Cocos Island, the legenday Treasure Island that inspired R.L Stevenson, still has many unsolved misteries and curious facts about it that may be well worth considering for naming it one of the Natural Seven Wonders of The World. Besides being the place where many a treasure was buried, according to many cronists and fortune-seekers, the island remains a wildlife sanctuary for many species of both sea and land, many of which are endemic to this particular island only.

      To illustrate some of what I say, it has 14 species of sharks, among them: The Whale Shark, Hammerhead Shark, White Fin-tipped Shark, Manta-rays, Tuna, among a long list. Pirates for centuries found it to be the perfect hideout and freshwater replenishing haven, strategically situated by the very important route between Panama an Lima, Peru, where they could stalk spanish galeons full of gold and Jewels.

        One of these treasures, well worth over $400,000.000.00 has been searched for over a century by individuals and even with NASA satellite pictures, but was never recovered, though some still insist on It’s existence.
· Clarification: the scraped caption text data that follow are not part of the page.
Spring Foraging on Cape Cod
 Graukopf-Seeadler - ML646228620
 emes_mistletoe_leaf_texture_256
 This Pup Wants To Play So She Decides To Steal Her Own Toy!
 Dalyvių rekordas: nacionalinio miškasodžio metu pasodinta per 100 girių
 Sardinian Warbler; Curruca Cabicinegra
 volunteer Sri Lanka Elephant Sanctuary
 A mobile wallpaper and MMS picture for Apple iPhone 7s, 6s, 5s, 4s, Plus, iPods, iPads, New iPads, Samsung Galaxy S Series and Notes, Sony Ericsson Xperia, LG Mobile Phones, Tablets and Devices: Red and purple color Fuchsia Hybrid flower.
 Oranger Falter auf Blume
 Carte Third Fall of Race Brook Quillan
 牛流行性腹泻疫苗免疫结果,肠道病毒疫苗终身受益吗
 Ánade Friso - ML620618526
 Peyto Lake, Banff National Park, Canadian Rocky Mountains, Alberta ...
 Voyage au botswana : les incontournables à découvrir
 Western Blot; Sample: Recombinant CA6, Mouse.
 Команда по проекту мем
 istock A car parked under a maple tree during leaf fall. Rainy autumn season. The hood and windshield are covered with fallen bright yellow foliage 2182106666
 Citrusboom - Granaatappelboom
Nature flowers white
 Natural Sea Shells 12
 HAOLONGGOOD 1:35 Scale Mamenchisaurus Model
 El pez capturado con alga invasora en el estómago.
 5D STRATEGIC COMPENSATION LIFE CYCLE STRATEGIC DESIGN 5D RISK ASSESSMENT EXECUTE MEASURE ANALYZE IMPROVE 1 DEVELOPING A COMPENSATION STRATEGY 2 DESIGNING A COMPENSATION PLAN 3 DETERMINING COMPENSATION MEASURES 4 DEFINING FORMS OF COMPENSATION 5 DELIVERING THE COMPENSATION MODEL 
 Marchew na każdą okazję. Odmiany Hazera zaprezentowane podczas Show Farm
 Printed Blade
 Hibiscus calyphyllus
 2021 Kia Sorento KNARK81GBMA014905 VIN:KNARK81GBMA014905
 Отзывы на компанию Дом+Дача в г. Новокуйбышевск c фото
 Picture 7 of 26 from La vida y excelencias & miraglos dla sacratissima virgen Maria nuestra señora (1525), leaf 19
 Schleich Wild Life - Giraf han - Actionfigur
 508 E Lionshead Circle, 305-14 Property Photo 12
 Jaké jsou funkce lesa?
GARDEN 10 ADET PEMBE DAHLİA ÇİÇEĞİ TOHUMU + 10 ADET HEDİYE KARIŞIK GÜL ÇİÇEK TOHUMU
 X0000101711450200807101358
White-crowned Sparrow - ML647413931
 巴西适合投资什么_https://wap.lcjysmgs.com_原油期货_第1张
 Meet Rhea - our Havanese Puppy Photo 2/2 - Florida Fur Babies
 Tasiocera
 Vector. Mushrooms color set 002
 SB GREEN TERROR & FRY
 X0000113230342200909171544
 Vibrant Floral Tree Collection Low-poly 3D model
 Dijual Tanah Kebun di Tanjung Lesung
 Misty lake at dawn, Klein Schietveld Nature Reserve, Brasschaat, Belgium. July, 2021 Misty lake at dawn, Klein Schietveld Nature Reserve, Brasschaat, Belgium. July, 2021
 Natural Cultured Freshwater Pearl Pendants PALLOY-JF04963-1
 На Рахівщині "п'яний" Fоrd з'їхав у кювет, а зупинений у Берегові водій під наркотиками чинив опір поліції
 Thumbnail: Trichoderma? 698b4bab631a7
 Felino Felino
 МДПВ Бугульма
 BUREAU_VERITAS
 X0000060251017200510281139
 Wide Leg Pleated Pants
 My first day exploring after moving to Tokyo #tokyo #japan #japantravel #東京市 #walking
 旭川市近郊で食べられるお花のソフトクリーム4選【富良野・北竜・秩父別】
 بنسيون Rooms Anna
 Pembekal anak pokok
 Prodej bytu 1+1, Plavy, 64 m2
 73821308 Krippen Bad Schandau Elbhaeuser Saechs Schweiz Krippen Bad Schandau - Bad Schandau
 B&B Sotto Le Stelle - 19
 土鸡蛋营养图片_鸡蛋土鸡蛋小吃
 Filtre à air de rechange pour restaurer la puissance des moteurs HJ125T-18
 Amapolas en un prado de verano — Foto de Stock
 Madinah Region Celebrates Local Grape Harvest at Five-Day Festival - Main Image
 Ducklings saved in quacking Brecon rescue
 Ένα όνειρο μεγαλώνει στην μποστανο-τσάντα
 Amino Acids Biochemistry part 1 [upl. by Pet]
Since the costarrican government planted the national flag on the island, more than a hundred years ago, no more prospecting has been allowed except for a german named Gissler, who inhabited the 24 square-mile island for 20 years and was never able to find anything. This man had been appointed governor of the island by President Tomás Guardia on the condition that he establish a colony of farmers on the island. The project was unsucsessfull

       Later, during the Second World War years it served as as a naval base for U.S submarines to keep watch on the Panama Canal, and was even one of president Franklin D. Roosevelt’s favorite fishing sites.

        But these days, other than men obviously, the island’s worse enemies are those within. Colonizers brought species alien to the island’s food chain such as pork, goats, cats, and rats that are overruning the territory. Steps are being taken towards erradicating them, but first they must be studied so not to do any further damage to the wildlife.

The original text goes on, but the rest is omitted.